--- Input records Enclosed Below ---

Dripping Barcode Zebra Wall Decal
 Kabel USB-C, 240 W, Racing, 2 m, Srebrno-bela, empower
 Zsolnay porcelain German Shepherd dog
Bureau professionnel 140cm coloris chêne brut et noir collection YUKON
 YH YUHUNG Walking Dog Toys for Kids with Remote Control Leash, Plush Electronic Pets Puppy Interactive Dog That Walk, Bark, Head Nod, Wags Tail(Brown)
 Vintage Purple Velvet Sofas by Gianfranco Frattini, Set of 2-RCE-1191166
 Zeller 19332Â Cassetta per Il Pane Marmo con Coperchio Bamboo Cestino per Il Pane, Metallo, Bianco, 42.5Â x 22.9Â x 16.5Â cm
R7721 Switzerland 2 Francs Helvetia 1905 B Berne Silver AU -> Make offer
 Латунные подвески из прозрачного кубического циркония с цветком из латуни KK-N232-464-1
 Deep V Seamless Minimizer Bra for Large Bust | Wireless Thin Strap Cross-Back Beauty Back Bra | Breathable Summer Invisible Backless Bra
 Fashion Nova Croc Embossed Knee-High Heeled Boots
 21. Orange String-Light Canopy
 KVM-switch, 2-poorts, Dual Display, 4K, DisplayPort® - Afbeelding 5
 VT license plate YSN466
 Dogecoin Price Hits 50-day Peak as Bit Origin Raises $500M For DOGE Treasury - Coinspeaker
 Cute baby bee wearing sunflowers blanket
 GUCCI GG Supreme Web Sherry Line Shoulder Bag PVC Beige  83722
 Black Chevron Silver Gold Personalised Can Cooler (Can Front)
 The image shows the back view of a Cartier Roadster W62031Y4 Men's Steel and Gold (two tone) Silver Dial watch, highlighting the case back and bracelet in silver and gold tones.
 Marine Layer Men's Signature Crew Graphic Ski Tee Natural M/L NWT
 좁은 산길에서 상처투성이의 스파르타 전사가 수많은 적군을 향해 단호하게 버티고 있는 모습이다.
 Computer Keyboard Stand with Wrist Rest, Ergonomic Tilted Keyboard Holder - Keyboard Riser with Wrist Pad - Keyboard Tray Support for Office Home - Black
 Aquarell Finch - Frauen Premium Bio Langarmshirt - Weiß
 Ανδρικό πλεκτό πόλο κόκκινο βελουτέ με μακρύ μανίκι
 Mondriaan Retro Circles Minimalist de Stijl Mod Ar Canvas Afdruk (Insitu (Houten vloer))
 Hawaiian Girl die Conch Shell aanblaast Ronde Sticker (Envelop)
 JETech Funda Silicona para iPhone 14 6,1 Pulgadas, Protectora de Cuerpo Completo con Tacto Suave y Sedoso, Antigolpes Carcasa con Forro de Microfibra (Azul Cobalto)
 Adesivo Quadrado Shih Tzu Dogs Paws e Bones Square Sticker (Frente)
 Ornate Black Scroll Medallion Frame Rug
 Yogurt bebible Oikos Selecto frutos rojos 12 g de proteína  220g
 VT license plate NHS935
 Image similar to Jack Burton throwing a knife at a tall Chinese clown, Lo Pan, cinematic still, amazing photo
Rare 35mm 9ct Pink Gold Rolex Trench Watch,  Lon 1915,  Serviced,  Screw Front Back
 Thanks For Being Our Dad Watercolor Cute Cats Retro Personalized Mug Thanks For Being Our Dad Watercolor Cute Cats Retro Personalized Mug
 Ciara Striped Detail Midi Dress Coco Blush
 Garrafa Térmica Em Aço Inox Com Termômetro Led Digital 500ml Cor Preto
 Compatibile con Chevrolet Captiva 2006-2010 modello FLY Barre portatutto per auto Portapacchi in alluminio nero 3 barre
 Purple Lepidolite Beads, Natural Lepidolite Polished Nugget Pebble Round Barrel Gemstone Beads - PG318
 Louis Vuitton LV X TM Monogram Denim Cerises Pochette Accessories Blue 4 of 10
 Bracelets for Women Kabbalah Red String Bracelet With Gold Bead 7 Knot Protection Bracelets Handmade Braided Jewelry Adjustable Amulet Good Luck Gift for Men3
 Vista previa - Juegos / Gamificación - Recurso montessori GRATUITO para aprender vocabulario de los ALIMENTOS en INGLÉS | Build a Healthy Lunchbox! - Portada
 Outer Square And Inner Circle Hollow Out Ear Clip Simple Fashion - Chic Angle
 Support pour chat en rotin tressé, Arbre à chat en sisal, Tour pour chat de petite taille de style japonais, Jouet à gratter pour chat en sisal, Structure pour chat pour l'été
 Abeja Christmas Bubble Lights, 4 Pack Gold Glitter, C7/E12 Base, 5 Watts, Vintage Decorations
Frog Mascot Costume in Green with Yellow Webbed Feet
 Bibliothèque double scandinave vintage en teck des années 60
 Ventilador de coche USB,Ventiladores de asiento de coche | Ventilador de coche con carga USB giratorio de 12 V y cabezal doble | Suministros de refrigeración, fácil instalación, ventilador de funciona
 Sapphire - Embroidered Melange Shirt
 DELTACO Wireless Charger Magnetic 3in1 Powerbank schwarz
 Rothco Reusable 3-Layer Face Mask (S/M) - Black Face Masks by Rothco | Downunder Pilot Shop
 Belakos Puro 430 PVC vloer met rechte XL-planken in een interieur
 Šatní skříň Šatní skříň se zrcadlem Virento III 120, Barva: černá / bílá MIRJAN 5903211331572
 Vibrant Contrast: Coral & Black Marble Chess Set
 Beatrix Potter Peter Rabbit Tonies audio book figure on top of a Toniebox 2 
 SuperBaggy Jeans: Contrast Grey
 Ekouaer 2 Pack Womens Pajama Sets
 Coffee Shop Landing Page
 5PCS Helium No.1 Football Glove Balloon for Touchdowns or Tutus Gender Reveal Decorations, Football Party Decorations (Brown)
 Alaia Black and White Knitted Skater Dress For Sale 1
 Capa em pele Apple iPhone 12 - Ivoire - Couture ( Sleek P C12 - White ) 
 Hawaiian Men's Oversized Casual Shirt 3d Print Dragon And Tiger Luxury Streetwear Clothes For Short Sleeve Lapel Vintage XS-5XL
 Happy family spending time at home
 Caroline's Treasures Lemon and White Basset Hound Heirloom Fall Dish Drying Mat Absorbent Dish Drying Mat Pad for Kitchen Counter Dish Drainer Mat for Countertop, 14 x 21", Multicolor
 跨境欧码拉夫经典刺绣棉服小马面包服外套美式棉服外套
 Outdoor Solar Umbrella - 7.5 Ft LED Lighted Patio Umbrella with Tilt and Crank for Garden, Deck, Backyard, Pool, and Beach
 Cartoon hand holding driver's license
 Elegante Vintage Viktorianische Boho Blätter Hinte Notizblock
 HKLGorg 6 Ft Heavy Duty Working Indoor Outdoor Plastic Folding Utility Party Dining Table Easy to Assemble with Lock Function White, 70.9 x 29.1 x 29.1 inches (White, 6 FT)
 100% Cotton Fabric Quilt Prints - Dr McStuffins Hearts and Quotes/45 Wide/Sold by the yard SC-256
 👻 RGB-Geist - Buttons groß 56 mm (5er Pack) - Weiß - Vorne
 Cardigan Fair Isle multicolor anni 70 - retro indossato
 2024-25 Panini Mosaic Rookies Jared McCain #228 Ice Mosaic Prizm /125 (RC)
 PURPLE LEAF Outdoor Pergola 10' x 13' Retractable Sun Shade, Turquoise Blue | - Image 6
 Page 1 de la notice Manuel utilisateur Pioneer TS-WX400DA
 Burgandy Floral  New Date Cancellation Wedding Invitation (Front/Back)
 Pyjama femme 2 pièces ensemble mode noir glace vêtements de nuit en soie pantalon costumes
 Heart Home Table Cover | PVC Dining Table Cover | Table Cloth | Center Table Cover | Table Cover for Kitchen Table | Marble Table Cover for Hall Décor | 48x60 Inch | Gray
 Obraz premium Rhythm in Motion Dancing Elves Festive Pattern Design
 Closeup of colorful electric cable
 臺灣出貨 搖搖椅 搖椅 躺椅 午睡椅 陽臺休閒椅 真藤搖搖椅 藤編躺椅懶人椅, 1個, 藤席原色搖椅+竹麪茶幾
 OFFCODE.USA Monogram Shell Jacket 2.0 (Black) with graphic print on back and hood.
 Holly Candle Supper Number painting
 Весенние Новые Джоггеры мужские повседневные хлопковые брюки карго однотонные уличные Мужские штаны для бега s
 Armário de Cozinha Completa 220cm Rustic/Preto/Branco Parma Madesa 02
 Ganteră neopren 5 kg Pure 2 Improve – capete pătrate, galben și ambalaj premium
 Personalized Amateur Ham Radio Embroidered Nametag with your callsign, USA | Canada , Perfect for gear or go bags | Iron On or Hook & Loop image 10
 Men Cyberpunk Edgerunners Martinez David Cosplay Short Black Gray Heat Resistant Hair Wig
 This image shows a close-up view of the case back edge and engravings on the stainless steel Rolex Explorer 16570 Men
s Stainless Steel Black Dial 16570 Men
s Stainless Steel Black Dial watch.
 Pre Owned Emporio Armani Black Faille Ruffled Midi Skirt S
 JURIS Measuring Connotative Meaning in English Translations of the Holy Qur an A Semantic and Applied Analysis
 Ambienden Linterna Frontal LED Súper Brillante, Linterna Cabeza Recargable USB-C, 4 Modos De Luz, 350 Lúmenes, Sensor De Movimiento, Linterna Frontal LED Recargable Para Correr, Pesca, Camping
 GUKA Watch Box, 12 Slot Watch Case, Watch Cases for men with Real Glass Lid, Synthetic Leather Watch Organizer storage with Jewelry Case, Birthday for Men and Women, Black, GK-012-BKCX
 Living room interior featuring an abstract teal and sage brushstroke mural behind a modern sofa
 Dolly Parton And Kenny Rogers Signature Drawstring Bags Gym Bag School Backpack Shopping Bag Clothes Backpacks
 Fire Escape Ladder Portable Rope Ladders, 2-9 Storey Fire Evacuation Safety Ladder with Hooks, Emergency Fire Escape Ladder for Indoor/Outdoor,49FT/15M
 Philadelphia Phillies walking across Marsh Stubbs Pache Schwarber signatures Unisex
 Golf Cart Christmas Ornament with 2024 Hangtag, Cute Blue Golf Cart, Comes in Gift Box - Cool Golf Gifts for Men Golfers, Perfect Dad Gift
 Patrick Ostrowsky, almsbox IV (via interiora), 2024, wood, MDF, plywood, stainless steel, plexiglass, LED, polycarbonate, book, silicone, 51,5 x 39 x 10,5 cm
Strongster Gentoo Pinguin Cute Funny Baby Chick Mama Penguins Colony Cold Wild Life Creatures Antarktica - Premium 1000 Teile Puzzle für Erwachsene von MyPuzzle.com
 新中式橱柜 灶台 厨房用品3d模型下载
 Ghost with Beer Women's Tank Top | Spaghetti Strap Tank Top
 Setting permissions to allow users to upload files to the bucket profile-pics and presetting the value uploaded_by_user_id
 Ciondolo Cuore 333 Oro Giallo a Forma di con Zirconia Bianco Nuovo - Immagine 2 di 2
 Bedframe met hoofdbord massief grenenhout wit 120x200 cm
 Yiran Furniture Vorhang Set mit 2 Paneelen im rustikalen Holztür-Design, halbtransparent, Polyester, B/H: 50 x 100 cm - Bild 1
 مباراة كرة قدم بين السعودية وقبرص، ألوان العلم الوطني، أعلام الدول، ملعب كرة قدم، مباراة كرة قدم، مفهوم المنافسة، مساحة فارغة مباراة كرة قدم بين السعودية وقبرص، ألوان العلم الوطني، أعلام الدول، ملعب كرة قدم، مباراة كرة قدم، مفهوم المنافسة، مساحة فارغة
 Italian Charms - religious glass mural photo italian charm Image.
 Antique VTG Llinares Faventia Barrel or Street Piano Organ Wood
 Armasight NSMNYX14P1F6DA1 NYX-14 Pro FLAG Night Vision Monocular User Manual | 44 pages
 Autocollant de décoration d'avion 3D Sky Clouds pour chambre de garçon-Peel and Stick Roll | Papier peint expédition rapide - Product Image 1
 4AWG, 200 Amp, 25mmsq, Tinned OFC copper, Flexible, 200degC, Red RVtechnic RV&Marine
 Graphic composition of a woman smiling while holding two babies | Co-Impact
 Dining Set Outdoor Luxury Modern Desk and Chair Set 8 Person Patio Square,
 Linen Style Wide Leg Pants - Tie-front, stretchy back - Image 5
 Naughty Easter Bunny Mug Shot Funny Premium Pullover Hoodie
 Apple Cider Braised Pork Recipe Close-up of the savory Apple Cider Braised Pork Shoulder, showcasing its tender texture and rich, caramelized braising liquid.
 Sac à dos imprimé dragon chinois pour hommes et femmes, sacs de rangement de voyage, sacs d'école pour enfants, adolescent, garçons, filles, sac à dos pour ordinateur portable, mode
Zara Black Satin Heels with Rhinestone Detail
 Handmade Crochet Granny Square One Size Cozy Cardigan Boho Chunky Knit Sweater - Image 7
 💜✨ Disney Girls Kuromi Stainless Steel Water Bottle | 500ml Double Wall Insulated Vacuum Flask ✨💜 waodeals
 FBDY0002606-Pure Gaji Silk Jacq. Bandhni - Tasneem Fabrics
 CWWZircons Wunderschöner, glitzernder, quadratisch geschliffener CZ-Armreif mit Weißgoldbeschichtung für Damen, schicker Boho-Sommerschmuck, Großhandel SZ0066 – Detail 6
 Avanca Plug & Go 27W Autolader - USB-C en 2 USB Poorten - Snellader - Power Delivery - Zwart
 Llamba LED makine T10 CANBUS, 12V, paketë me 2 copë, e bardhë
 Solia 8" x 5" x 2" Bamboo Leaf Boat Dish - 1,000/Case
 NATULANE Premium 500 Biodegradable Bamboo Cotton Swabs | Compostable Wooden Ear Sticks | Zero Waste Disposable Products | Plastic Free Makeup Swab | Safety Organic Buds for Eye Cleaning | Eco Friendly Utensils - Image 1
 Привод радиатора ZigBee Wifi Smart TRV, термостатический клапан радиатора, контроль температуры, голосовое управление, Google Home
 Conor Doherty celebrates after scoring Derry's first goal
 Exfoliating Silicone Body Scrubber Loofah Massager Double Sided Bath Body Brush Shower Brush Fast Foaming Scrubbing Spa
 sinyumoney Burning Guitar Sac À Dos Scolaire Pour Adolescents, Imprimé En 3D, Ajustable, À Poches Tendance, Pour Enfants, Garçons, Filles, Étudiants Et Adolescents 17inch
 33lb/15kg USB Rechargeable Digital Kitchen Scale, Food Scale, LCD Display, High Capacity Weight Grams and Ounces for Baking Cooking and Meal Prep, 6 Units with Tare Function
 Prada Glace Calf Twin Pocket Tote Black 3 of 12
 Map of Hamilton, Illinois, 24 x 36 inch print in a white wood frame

--- End of Enclosed Input records ---

Work task
One inclusive range is required: first line of the data through the line containing "Cute baby bee wearing sunflowers blanket". Set it down exactly and output nothing else.

Task result
Dripping Barcode Zebra Wall Decal
 Kabel USB-C, 240 W, Racing, 2 m, Srebrno-bela, empower
 Zsolnay porcelain German Shepherd dog
Bureau professionnel 140cm coloris chêne brut et noir collection YUKON
 YH YUHUNG Walking Dog Toys for Kids with Remote Control Leash, Plush Electronic Pets Puppy Interactive Dog That Walk, Bark, Head Nod, Wags Tail(Brown)
 Vintage Purple Velvet Sofas by Gianfranco Frattini, Set of 2-RCE-1191166
 Zeller 19332Â Cassetta per Il Pane Marmo con Coperchio Bamboo Cestino per Il Pane, Metallo, Bianco, 42.5Â x 22.9Â x 16.5Â cm
R7721 Switzerland 2 Francs Helvetia 1905 B Berne Silver AU -> Make offer
 Латунные подвески из прозрачного кубического циркония с цветком из латуни KK-N232-464-1
 Deep V Seamless Minimizer Bra for Large Bust | Wireless Thin Strap Cross-Back Beauty Back Bra | Breathable Summer Invisible Backless Bra
 Fashion Nova Croc Embossed Knee-High Heeled Boots
 21. Orange String-Light Canopy
 KVM-switch, 2-poorts, Dual Display, 4K, DisplayPort® - Afbeelding 5
 VT license plate YSN466
 Dogecoin Price Hits 50-day Peak as Bit Origin Raises $500M For DOGE Treasury - Coinspeaker
 Cute baby bee wearing sunflowers blanket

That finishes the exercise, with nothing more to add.